Post by antigua on Jul 8, 2017 16:10:40 GMT -5
It's been a while since we worked on eddy current modeling, but one thing I personally didn't around to was trying to map the equivalent series resistance that is imposed by eddy current losses. Since eddy currents increase with frequency, of course it's not exactly like "real" resistance, but there is an effective resistance at the resonance as a result of eddy currents.
So how much resistance? Someone on another forum asked about this www.strat-talk.com/threads/57-62-pickups-which-is-which.443031/#post-2849879 , so I thought I'd look into this more thoroughly.
AlNiCo Single Coil
This plot below shows a Fralin Vintage Hots pickup, a typical Strat pickup set with AlNiCo 5 pole pieces and a hot bridge (guitarnuts2.proboards.com/thread/7814/lindy-fralin-vintage-analysis-review)
The LCR values for the neck pickup is 2.3H, 105p and 6.0k ohms. The unloaded peak reaches 13.3dB (pink line above).
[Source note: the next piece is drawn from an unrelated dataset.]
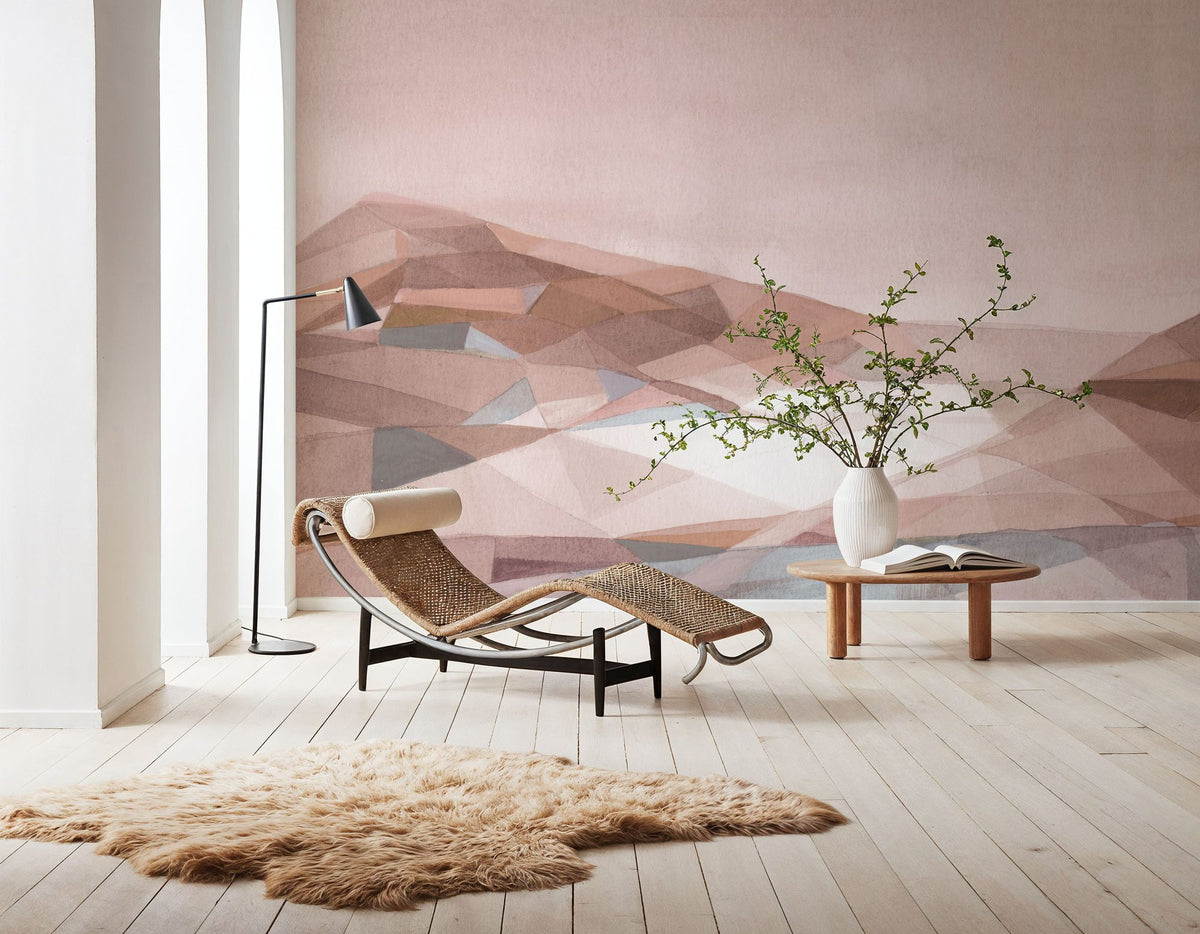 Warm Geometric Mountain Mural Wallpaper - room preview 06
With these values plugged in, I can get a similar peak at 9.8kHz, but with a 14.8dB peak (green line below):
So there's a 1.5dB difference between the recorded 13.3dB in the real bode plot and the theoretical 14.8dB peak in the LTSpice plot, apparently owing to eddy currents that are not accounted for in the LTSpice model. It requires a total series resistance of 11k in order to bring the peak dB down to 13.3 (blue line), which is 5k ohms more than the 6.0k ohms of real copper wire resistance, at unloaded resonance, so it could be said that the eddy currents are equivalent to 5k ohms of added series resistance at that particular frequency.
With load (470pF and 200k parallel in order to simulate pot controls and guitar cable), the peak frequency drops to 4.2kHz and the peak amplitude reaches 6.7dB, and according to the spice model, with that 200k ohms parallel to the pickup, it takes no additional series resistance to get precisely 6.7dB at 4.2kHz.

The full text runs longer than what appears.